Но весь этот строгий «кодекс» (менее последовательный, чем здесь представлено) бывает отброшен и забыт, как только я не один: от чьих-нибудь случайных слов, от неожиданной жалобы у меня соблазн помочь, растрогать, на прощанье дать уверенность в опоре, притом не выдуманной, а доказанной – во мне за годы уединения вдоволь скопилось нерастраченной глухой нежности, и часто она направлена на людей, со мною схожих, но более моего беспомощных, и несравнимо чаще – на женщин, хоть немного нравящихся. С этим же, вероятно, связана и другая, близкая, причина неразумной моей расточительности: у меня несчастливое свойство чересчур зависеть от женщин – еще гимназистом на балу я не мог после танца «сплавить» приглашенную скучную барышню и ждал освобождения от нее самой, чтобы не только радоваться свободе, но и сладко себя, обиженного, жалеть (этим как бы предвосхищая любовное свое будущее) – и теперь, наконец, достигнув безразлично-взрослой неуязвимости, если нечаянно в кафе заговорю с накрашенной простенькой соседкой, не решусь подняться, уйти, внезапно ее разочаровать, и должен непременно по-наивному на нее тратиться.
Так было и сегодня: я почти против воли, полурассеянным жестом, пригласил к своему столику в дешевом оживленном кафе краснощекую девочку, бойко игравшую с подругами в карты, когда же она подошла, с трудом оторвался от воображаемого романа, обыкновенно заполняющего спокойные мои часы, кое-как стал поддерживать обязательный условный разговор, потом растрогался из-за одного выражения (мне показалось, достойно и мило произнесенного), захотел помочь, но сразу вспомнил, что невозможно, что отнимаю только рассчитанное нужное время, и всё это я с неловкостью объяснил.

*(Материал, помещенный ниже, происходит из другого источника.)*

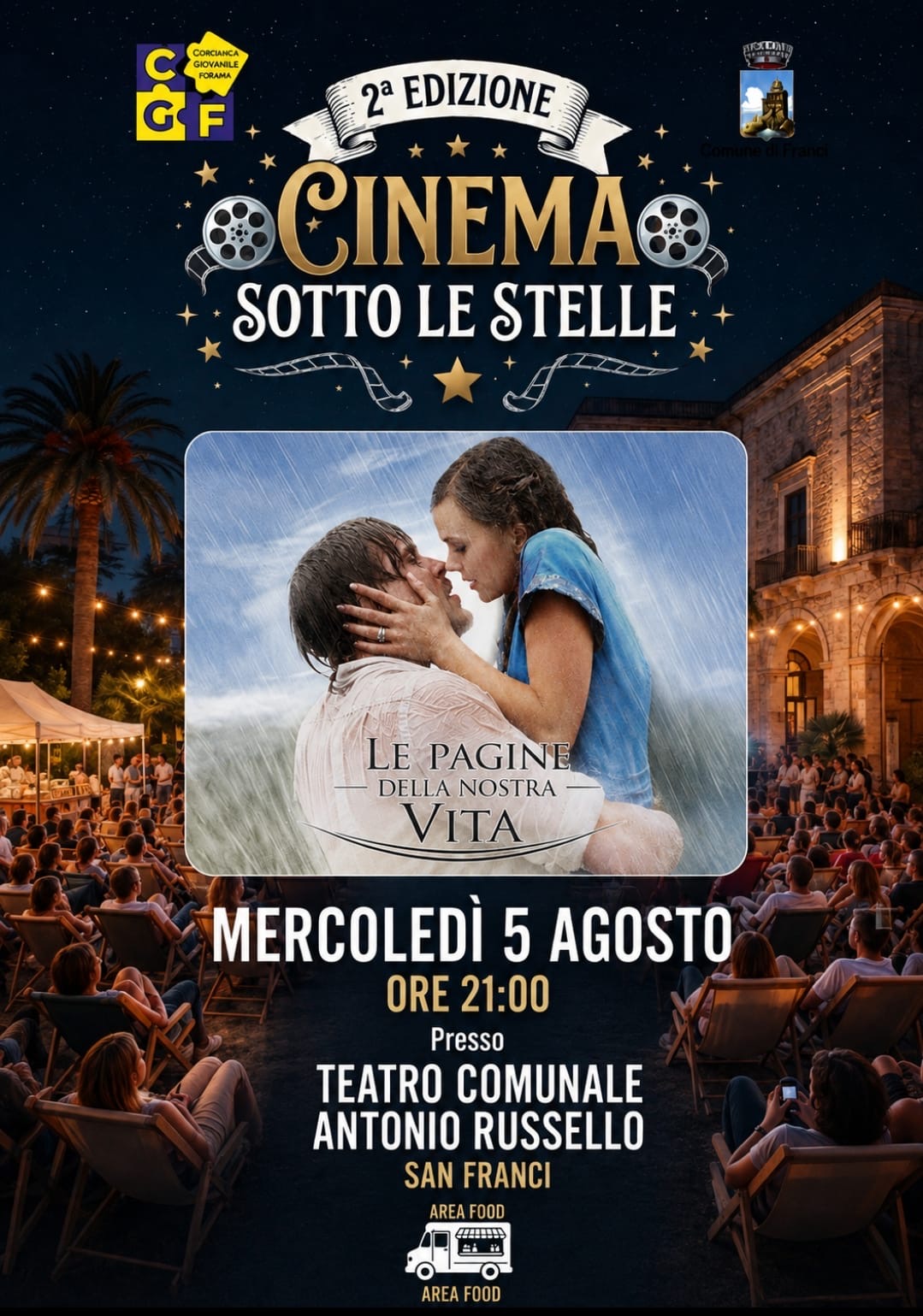 Al momento stai visualizzando Agrigento – Cinema sotto le stelle, al via il 5 agosto la 2ª edizione a Favara: il primo appuntamento è con “Le pagine della nostra vita”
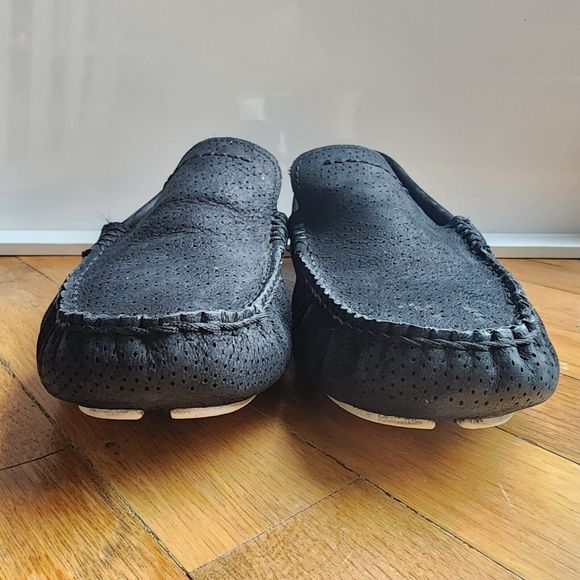 UGG Henrick Stripe Perf Loafer Black Men Sz 9 Energ Nubuck Leather Treadlite - Picture 3 of 16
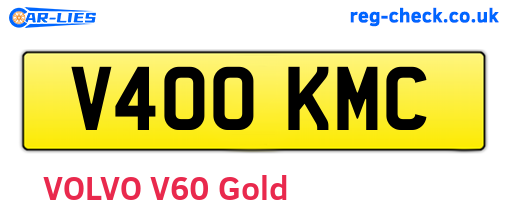 V400KMC are the vehicle registration plates.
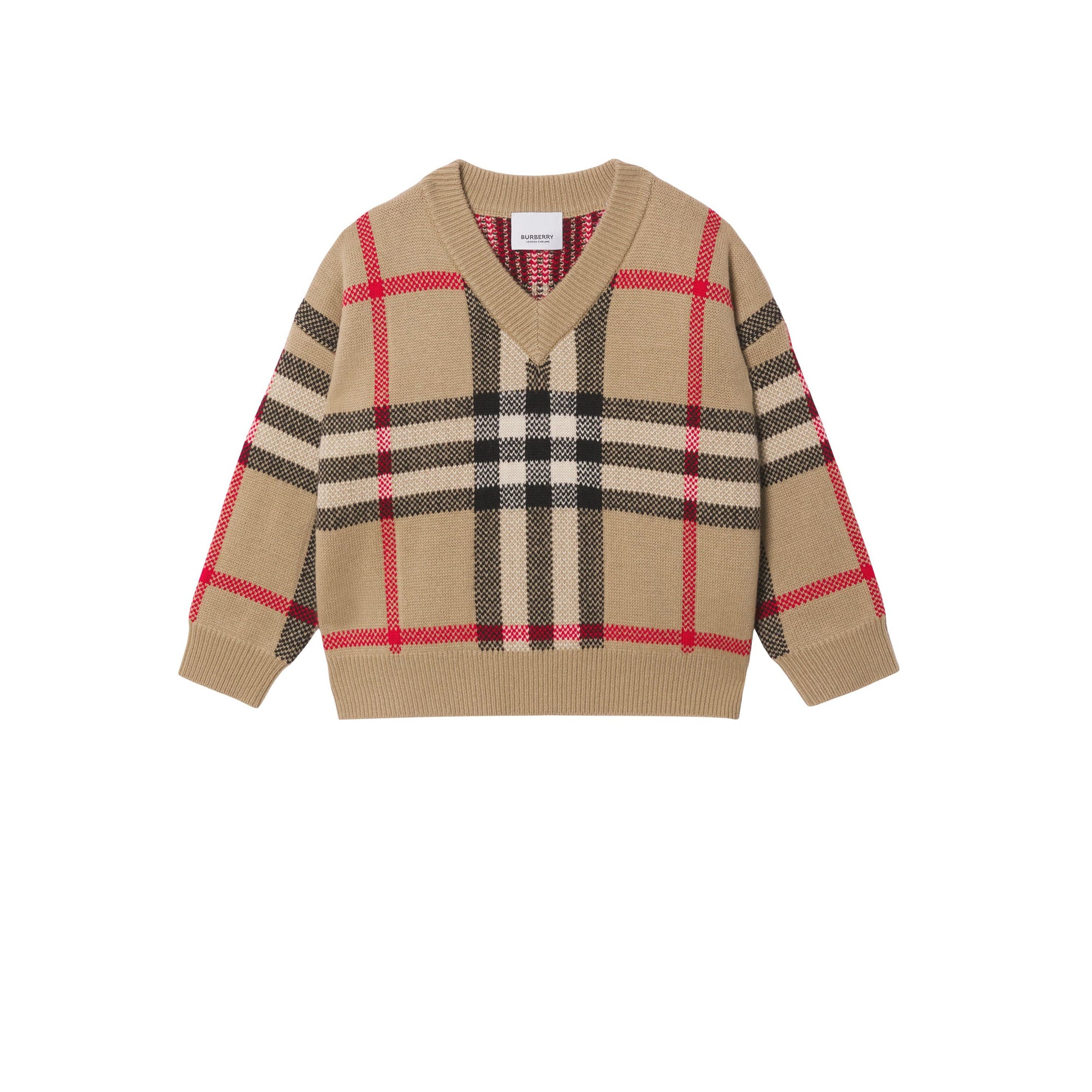 Pull en laine et cachemire Check jacquard - Archive Beige Check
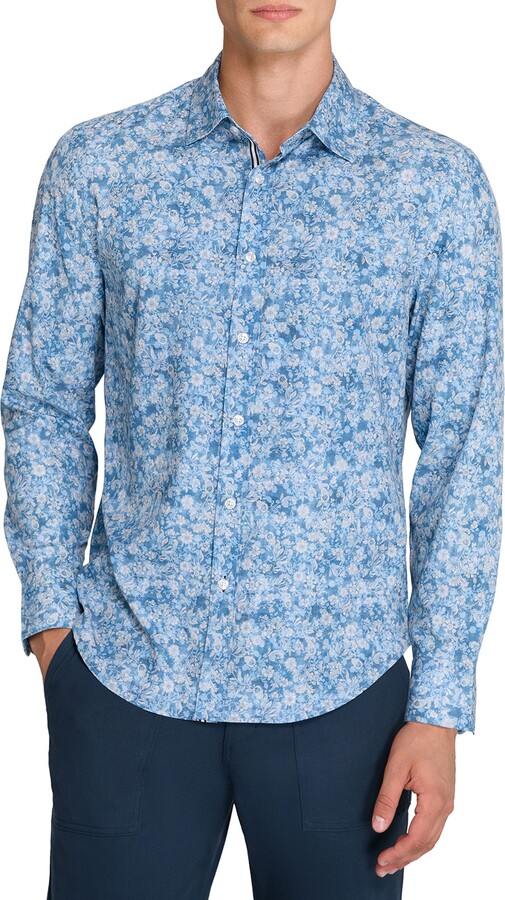 Brooklyn Brigade Shadow Floral Print Woven Long Sleeve Basic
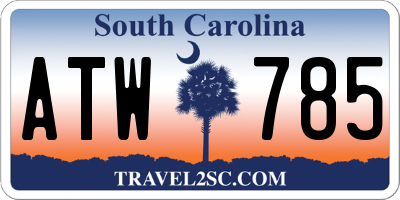 SC license plate ATW785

Фраза, меня удивившая, в сущности была обычной (на вопрос о друге – «Non, je me defends toute seule»), и, быть может, самый тон превратил ее и в достойную и новую, но что-то есть недоступноизысканное в готовой парижской скороговорке, уравнивающей все круги (кроме разве «интеллектуального», как и большинству русских, мне неизвестного) и настолько их сближающей, что немногим отличается от недавней моей приятельницы тот веселенький, богатейшей семьи, старичок, от которого зависит мое дело и который при каждом упоминании о беженских наших несчастиях, о шоферах-гвардейцах, о титулованных манекеншах, негодующе-горестно восклицает: «ai, ai, ai’ quel cataclysme» – и возможность такого сопоставления (прирожденнобогатый барин и девочка с улицы) и чудо, что девочка с улицы в себя впитала эти ловкие обороты и безошибочный, никогда не сбивающийся тон, меня поневоле озадачивают и трогают.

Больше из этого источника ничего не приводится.